5 Ağustos 2010 Perşembe

Tütüyor Arkadaş


Çocukluğumda binaların yola bakan, büyük düz cepheleri boyanarak yapılıyordu dış mekan reklamcılığı, hatırladığım kadarıyla.
Zamanla billboardlar eklendi sokaklara.
Derken inşaatların koruma duvarları neden kullanılmasın diye düşünüldü sanırım. HSBC'nin saldırı sonrası yenilenen binasının inşaatı ya da Şişli'de, mezarlık arkasındaki inşaat...
Otobüsler turlarken neden reklam yapmasın denilip giydirilmedi mi?
Şoför koltuğunun arkasında duran plastik panoya duyuru asan insanlar, neden reklam da konmasın demiş bir ara.
Oraya reklam asılabiliyorsa, elimizle dayandığımız ve sık sık baktığımız tutacaklara yapılamaz mıydı?
Kim bilir, belki yakında biletimizi okuttuğumuz alanda da seyir esnasında reklamlar yayınlanır ya da bilet okuma mesajları; "Bıdı Bıdı Gazetesi iyi günler diler", "Yardımlarınızla var olan Mehmetçik Vakfı, biletinizin bittiğini uyarır"...

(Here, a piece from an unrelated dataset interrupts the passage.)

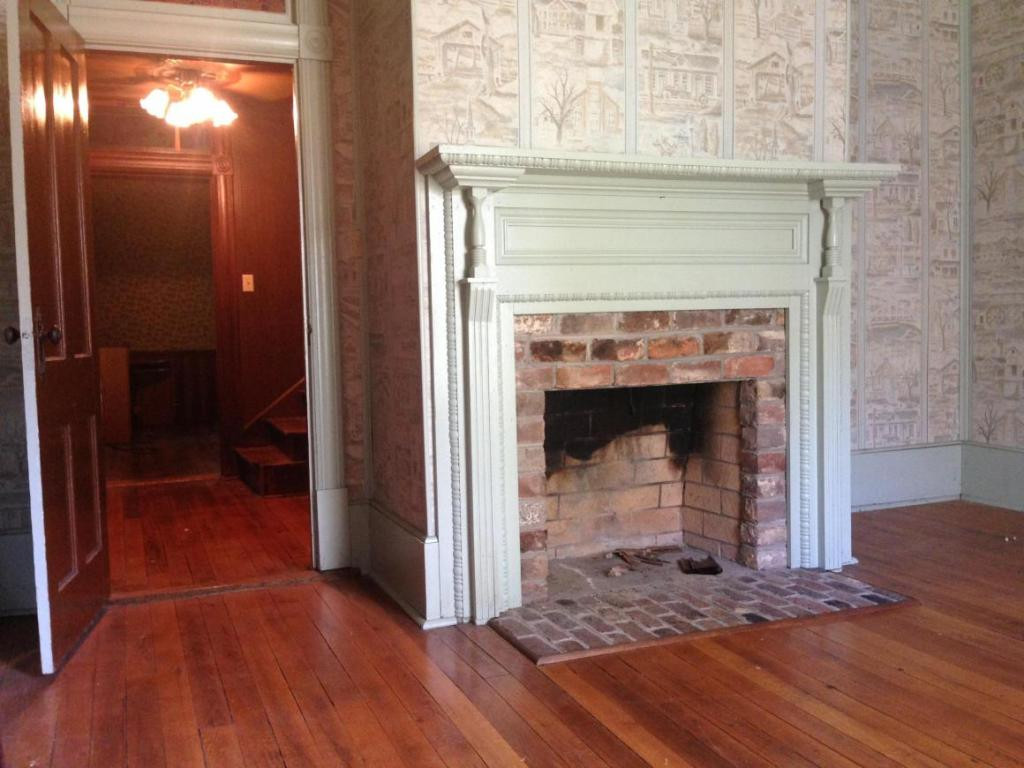 339 Roy Martin Road Johnson City, TN 37615 - Photo 13 of 24 Photo 13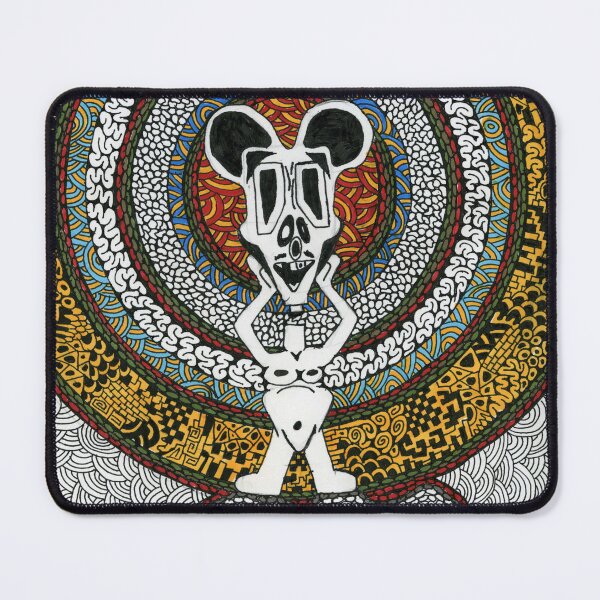 Item preview, Drawing Of A Friend #4 designed and sold by GabrielMSanford.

Billboardlara dönelim yine.
Birbirine atıfta bulunan yan yana reklamlar kullanıldı ama yöntem olarak sanırım esas tutulan, yanlamasına kocaman reklamlardı.
Devamında ne olur demiştik ki birşeyler kondu billboardlara, sandalyesinden mankenine... İki boyutlu sıkıcılık gitti. Hemen ardına o konuyorsa, ışık neden olmasın ki dendi, LED'leri döşediler ve görsel güzellik de arttı. Mesela sanırım PS3'ün reklamıydı, adamın gözlerinde ve fondaki şimşeğin ışıkları çok çekici yapmıştı...
Az önce ise, Knorr'un yeni bir reklamını gördüm. Çorbayı tüttürmüşler arkadaş. Kokusu da olacağını sanmıyorum, ama çorba görselinin üstünden buhar veriliyor...
Tebriklerimiz reklam sektörümüze gidiyor.
Umudum radyo reklamlarında da gelişme olması.